On the Authorization Server side, the only change is that components
explicitely define that the error type should be OAuth2Exception :
WebResponseExceptionTranslator<OAuth2Exception>
Hi,@michaeltecourt
Could you give a example of how currently you customize your WebResponseExceptionTranslator.
I'm currently have no idea how to inject custom ExceptionTranslator into resource server.
Here you go :
/**
* Sample Spring Security OAuth config class
*/
@Configuration
@EnableResourceServer
public class SecurityConfig extends ResourceServerConfigurerAdapter {
@Override
public void configure(final ResourceServerSecurityConfigurer resources) throws Exception {
resources
// This is where you inject your custom error management
.accessDeniedHandler(accessDeniedHandler())
.authenticationEntryPoint(authenticationEntryPoint());
}
/** Define your custom exception translator bean here */
@Bean
public WebResponseExceptionTranslator<?> exceptionTranslator() {
return new ApiErrorWebResponseExceptionTranslator();
}
/**
* Inject your custom exception translator into the OAuth2 {@link AuthenticationEntryPoint}.
*
* @return AuthenticationEntryPoint
*/
@Bean
public AuthenticationEntryPoint authenticationEntryPoint() {
final OAuth2AuthenticationEntryPoint entryPoint = new OAuth2AuthenticationEntryPoint();
entryPoint.setExceptionTranslator(exceptionTranslator());
return entryPoint;
}
/**
* Classic Spring Security stuff, defining how to handle {@link AccessDeniedException}s.
* Inject your custom exception translator into the OAuth2AccessDeniedHandler.
* (if you don't add this access denied exceptions may use a different format)
*
* @return AccessDeniedHandler
*/
@Bean
public AccessDeniedHandler accessDeniedHandler() {
final OAuth2AccessDeniedHandler handler = new OAuth2AccessDeniedHandler();
handler.setExceptionTranslator(exceptionTranslator());
return handler;
}
}
Hi @michaeltecourt,
Thanks for the explanation. But I wonder, how you added a type parameter to WebResponseExceptionTranslator? I'm using spring-security-oauth2 v2.0.12 and the interface is like this:
public interface WebResponseExceptionTranslator {
ResponseEntity<OAuth2Exception> translate(Exception e) throws Exception;
}
So the ResponseEntity will always have a OAuth2Exception type, so how would I pass it a completely different Exception, say, my own generic ApiException?

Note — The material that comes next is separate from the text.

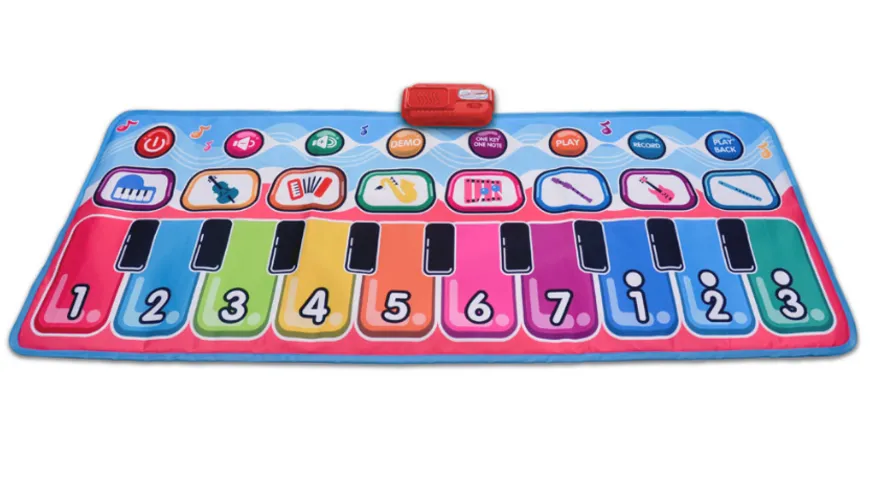 Bontempi - ELEKTRONISCHER MUSIK- UND SPIELTEPPICH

That's the point of the pull request ☺ I rewrote WebResponseExceptionTranslator and its implementations with a generic error type
Alrighty :) Would you mind sharing how you do it currently then, since PR is not merged yet? i.e. details of ApiErrorWebResponseExceptionTranslator? @michaeltecourt
Of course. The idea is to wrap the default exception translator, and to build your own object from the translated OAuth2Exception :
public class ApiErrorWebResponseExceptionTranslator implements WebResponseExceptionTranslator<ApiError> {
/** The default WebResponseExceptionTranslator. */
private final WebResponseExceptionTranslator<OAuth2Exception> defaultTranslator;
// Constructor omitted
@Override
public ResponseEntity<ApiError> translate(final Exception e) throws Exception {
// Translate the exception with the default translator
ResponseEntity<OAuth2Exception> defaultResponse = defaultTranslator.translate(e);
// Build your own error object
String errorCode = defaultResponse.getBody().getOAuth2ErrorCode();
ApiError yourError = new ApiError(errorCode, defaultResponse.getBody().getMessage());
// Use the same status code as the default OAuth2 error
return new ResponseEntity<ApiError>(yourError, defaultResponse.getStatusCode());
}
}
Hi,
When will it be available? I have the version:
<dependency>
<groupId>org.springframework.security.oauth</groupId>
<artifactId>spring-security-oauth2</artifactId>
<version>2.2.0.RELEASE</version>
</dependency>
I am trying to customize the Exception to provide more fields (ApiError contains a new field 'myCustomMessageField'):
public class ApiErrorWebResponseExceptionTranslator implements WebResponseExceptionTranslator {
/** The default WebResponseExceptionTranslator. */
private WebResponseExceptionTranslator defaultTranslator = new DefaultWebResponseExceptionTranslator();
// Constructor omitted
@Override
public ResponseEntity<OAuth2Exception> translate(final Exception e) throws Exception {
// Translate the exception with the default translator
ResponseEntity<OAuth2Exception> defaultResponse = this.defaultTranslator.translate(e);
// Build your own error object
String errorCode = defaultResponse.getBody().getOAuth2ErrorCode();
ApiError yourError = new ApiError(errorCode, defaultResponse.getBody().getMessage());
// Use the same status code as the default OAuth2 error
return new ResponseEntity<OAuth2Exception>(yourError, defaultResponse.getStatusCode()) ;
}
}
I had to change the shared the shared code by @michaeltecourt because it could not compile, and I am getting a no custom error yet (it is the default yet):
{
"error": "invalid_request",
"error_description": "Access is denied"
}
Thank you :)
@michaeltecourt Have you considered providing your own extension of OAuth2Exception that would represent your applications specific API or Business error?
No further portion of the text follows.